Internal function that runs Cellpose segmentation for a single ROI.

PARAMETER DESCRIPTION
x

4D numpy array.

TYPE: ndarray

num_labels_tot

Number of labels already in total image. Used for relabeling purposes. Using a dict to have a mutable object that can be edited from within the function without having to be passed back through the masked_loading_wrapper.

TYPE: dict[str, int]

model

An instance of models.CellposeModel.

TYPE: CellposeModel DEFAULT: None

do_3D

If True, cellpose runs in 3D mode: runs on xy, xz & yz planes, then averages the flows.

TYPE: bool DEFAULT: True

channels

Which channels to use. If only one channel is provided, [0, 0] should be used. If two channels are provided (the first dimension of x has length of 2), [1, 2] should be used (x[0, :, :,:] contains the membrane channel and x[1, :, :, :] contains the nuclear channel).

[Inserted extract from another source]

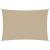 Pânză parasolar, bej, 3x5 m, țesătură oxford, dreptunghiular GartenMobel Dekor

TYPE: list[int] DEFAULT: [0, 0]

diameter

Expected object diameter in pixels for cellpose.

TYPE: float DEFAULT: 30.0

normalize

By default, data is normalized so 0.0=1st percentile and 1.0=99th percentile of image intensities in each channel. This automatic normalization can lead to issues when the image to be segmented is very sparse. You can turn off the default rescaling. With the "custom" option, you can either provide your own rescaling percentiles or fixed rescaling upper and lower bound integers.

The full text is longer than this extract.